START STORED DATA

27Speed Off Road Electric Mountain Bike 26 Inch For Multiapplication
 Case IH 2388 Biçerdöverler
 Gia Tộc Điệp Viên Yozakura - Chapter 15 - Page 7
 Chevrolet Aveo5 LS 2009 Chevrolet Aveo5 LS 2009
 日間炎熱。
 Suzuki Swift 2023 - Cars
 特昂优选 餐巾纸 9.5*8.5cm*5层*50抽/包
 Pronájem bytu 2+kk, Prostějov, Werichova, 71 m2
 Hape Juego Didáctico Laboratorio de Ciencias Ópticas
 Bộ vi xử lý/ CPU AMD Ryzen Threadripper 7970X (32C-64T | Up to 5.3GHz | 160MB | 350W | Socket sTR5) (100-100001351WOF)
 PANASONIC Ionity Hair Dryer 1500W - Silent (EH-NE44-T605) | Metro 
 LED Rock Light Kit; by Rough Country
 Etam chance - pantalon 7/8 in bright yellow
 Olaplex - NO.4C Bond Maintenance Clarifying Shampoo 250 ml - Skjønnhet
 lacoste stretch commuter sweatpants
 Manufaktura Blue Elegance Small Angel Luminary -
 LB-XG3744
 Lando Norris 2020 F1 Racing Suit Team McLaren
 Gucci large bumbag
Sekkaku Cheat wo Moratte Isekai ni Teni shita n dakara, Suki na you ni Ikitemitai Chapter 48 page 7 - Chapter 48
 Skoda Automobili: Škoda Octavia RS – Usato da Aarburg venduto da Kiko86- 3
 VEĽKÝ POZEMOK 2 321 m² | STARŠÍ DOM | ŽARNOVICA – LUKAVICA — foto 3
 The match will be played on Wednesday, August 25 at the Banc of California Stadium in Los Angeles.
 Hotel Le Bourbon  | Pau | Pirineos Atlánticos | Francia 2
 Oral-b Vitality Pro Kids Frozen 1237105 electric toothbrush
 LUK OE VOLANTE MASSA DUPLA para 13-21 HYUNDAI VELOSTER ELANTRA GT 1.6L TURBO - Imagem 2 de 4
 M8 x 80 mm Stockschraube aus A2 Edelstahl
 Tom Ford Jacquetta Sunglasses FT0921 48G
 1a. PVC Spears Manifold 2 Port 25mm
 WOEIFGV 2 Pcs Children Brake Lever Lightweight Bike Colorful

END STORED DATA

• [WHAT YOU NEED TO DO]
All lines from the one containing "Gia Tộc Điệp" through the last line of the data, both included, are to be retyped exactly, and no other line belongs in the answer.

• [RESULT BELOW]
 Gia Tộc Điệp Viên Yozakura - Chapter 15 - Page 7
 Chevrolet Aveo5 LS 2009 Chevrolet Aveo5 LS 2009
 日間炎熱。
 Suzuki Swift 2023 - Cars
 特昂优选 餐巾纸 9.5*8.5cm*5层*50抽/包
 Pronájem bytu 2+kk, Prostějov, Werichova, 71 m2
 Hape Juego Didáctico Laboratorio de Ciencias Ópticas
 Bộ vi xử lý/ CPU AMD Ryzen Threadripper 7970X (32C-64T | Up to 5.3GHz | 160MB | 350W | Socket sTR5) (100-100001351WOF)
 PANASONIC Ionity Hair Dryer 1500W - Silent (EH-NE44-T605) | Metro 
 LED Rock Light Kit; by Rough Country
 Etam chance - pantalon 7/8 in bright yellow
 Olaplex - NO.4C Bond Maintenance Clarifying Shampoo 250 ml - Skjønnhet
 lacoste stretch commuter sweatpants
 Manufaktura Blue Elegance Small Angel Luminary -
 LB-XG3744
 Lando Norris 2020 F1 Racing Suit Team McLaren
 Gucci large bumbag
Sekkaku Cheat wo Moratte Isekai ni Teni shita n dakara, Suki na you ni Ikitemitai Chapter 48 page 7 - Chapter 48
 Skoda Automobili: Škoda Octavia RS – Usato da Aarburg venduto da Kiko86- 3
 VEĽKÝ POZEMOK 2 321 m² | STARŠÍ DOM | ŽARNOVICA – LUKAVICA — foto 3
 The match will be played on Wednesday, August 25 at the Banc of California Stadium in Los Angeles.
 Hotel Le Bourbon  | Pau | Pirineos Atlánticos | Francia 2
 Oral-b Vitality Pro Kids Frozen 1237105 electric toothbrush
 LUK OE VOLANTE MASSA DUPLA para 13-21 HYUNDAI VELOSTER ELANTRA GT 1.6L TURBO - Imagem 2 de 4
 M8 x 80 mm Stockschraube aus A2 Edelstahl
 Tom Ford Jacquetta Sunglasses FT0921 48G
 1a. PVC Spears Manifold 2 Port 25mm
 WOEIFGV 2 Pcs Children Brake Lever Lightweight Bike Colorful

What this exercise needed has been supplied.